Bernhard is often wickedly funny. Read “The Woodcutters”; that book is funny from beginning to end.
Leaving aside what might be/is mistaken about competitiveness in music, those sentences – and the rest of the novel? – follow directly on from the book’s title.
I have only read Woodcutters. I found it more bitter than funny. Is the Loser a good place to jump in next? I want to give him another chance, since smart folks on this site, as well as a few others, speak so highly of his writing.
I think most of the Bernhard I read is tonally similar to Woodcutters, so that’s worth knowing if you’re thinking of reading more of him. My favorites are Loser, Correction, The Lime Works, and Gargoyles.
The Lime Works is so good! (and underread)
just tried to read this book. so exhausting. so great, obv. instead i reached for the new ‘my prizes’ which is hilarious.
my favorite bernhard is ‘concrete’
hmmm, i think ‘concrete’ was the funniest of what ive read so far (correction, concrete, wittgensteins nephew; i have woodcutters and loser toberead). i foudn a passage online where he’s contemplating travel, which is both funny and sad to me.

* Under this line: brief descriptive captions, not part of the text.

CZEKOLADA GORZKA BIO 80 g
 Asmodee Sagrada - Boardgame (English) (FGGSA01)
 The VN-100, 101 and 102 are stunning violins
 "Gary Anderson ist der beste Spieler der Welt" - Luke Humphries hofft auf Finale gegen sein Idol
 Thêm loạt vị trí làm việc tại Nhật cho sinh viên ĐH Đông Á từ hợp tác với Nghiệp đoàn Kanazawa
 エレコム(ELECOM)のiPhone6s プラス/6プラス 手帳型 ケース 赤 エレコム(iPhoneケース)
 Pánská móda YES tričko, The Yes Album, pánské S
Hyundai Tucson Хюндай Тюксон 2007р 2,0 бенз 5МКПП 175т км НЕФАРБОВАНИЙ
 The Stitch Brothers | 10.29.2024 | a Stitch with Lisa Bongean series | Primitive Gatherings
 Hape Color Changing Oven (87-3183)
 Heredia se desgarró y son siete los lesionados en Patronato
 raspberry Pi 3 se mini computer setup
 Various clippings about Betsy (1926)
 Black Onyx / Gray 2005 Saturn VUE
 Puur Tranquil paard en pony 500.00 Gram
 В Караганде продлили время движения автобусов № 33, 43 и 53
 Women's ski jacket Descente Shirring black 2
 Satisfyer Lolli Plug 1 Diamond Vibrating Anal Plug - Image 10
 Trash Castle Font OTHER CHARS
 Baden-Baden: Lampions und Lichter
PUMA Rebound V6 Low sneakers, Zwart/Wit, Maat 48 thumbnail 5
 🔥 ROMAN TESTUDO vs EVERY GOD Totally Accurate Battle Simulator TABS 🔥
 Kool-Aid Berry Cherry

http://buyukliman.blogspot.com/2008_08_01_archive.html
the bit with the suitcases makes me laugh, even though the scene is so desperatefeeling:
“I placed the suitcases between the chest and the door and contemplated them from a favorable angle.”
Bernhard tends to be pretty funny. The Loser and Concrete are my two favorites, and I agree with the books other posters have mentioned as well, but one that I don’t think many have read is Yes, which may close with my favorite last sentence in literature.
I talked a bit about Bernhard in an essay for The Collagist a few months back that I’m pretty sure nobody read.
Make that favorite last two sentences.
Nobody has yet mentioned one other truly top flight Bernhard opus: “Gathering Evidence” (the multi-volume autobiography of his childhood and early adulthood). Written in exactly the same scathing tone laced with black humor as his fiction, this one is passed over at your peril.